We live in the fissures, the interstices of life.

JF: Given the 100-word limit of your stories in Fissures, many of the stories read very similar to prose poetry. In fact, some stories, like “Dulcet” and “Dear X,” mimic this even more so. Did you approach this project with a poetic mind or did you see full stories and then cut the excess?

GF: The more 100-word stories I wrote, the more and more I learned how they veered toward prose poetry. I like to joke that the form allowed me to nurture my “inner failed poet.” Sometimes prose writers don’t get to truly express their poetic side.

I’ve always liked forms that blur. To say that a piece of writing is a prose poem versus a story is just a matter of an author’s intention, an author’s definition. I don’t write with such definitions now. I’d someday like to write a novel that’s a prose poem, or a prose poem that’s a novel

JF: I noticed in Fissures that you spent a lot of time coming back to the characters of Celeste and Gerald. Was there a significance to their reoccurring stories? Did you find yourself pulled to particular themes and human moments?

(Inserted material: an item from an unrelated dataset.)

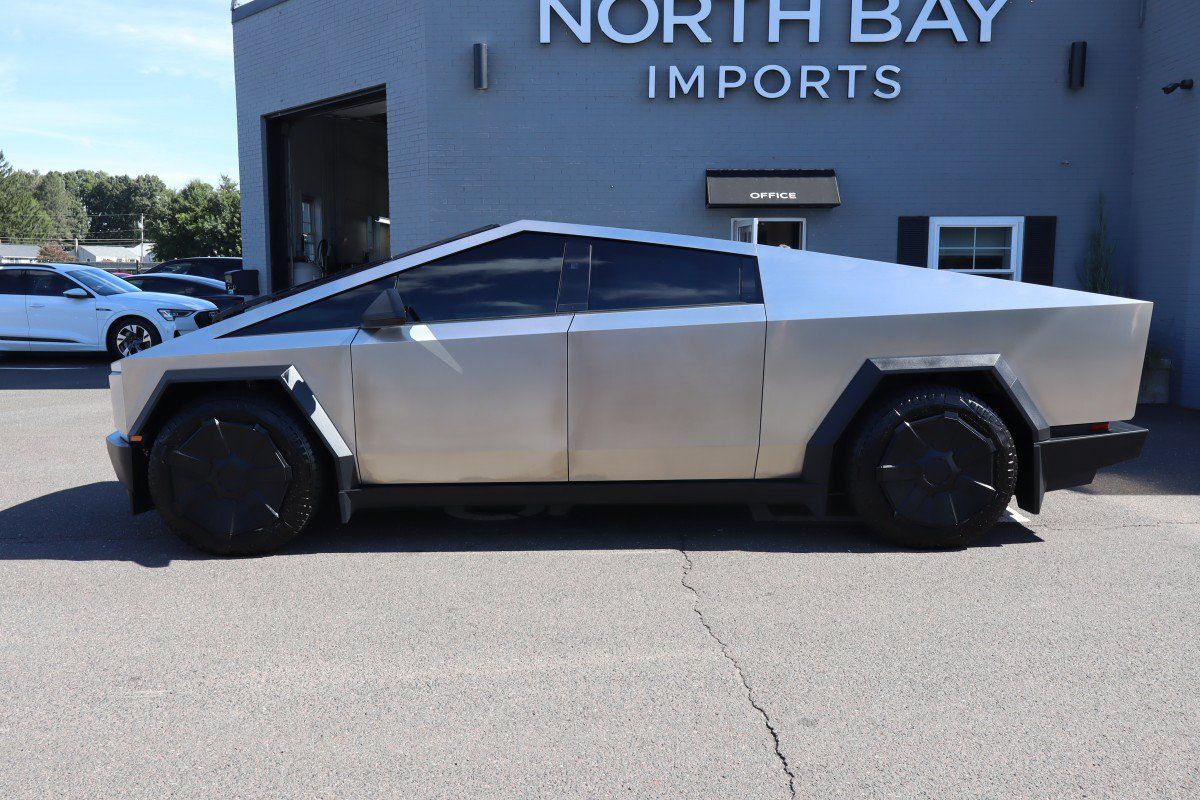Used 2024 Tesla Cybertruck AWD Crew Cab image 9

GF: The Gerard and Celeste stories are the rare stories in the collection that are part of a narrative with a larger arc. I’ve written maybe 50 of them now, and I’d like to someday shape them into a flash novella. The stories are about a tragic and forbidden love affair, which by definition is about disconnected moments, the way presence and absence mingle, the way memory works to put the pieces together.

I included twenty or so of them in Fissures because I liked the idea of creating some throughlines through all of the individual pieces. I viewed the motifs in the Gerard and Celeste stories as providing a guiding trajectory for the collection.

JF: How do you approach the differing objectives of longer forms that usually require comprehension and shorter forms that do not require comprehensiveness?

GF: I no longer believe in any notion of comprehensiveness. It’s just not a feeling, a sensibility, that’s really possible in life. We change day by day, moment by moment, and everything around us changes, including our memories, which are based as much or more in a story we tell than any factuality. We rewrite our memories each time we remember them.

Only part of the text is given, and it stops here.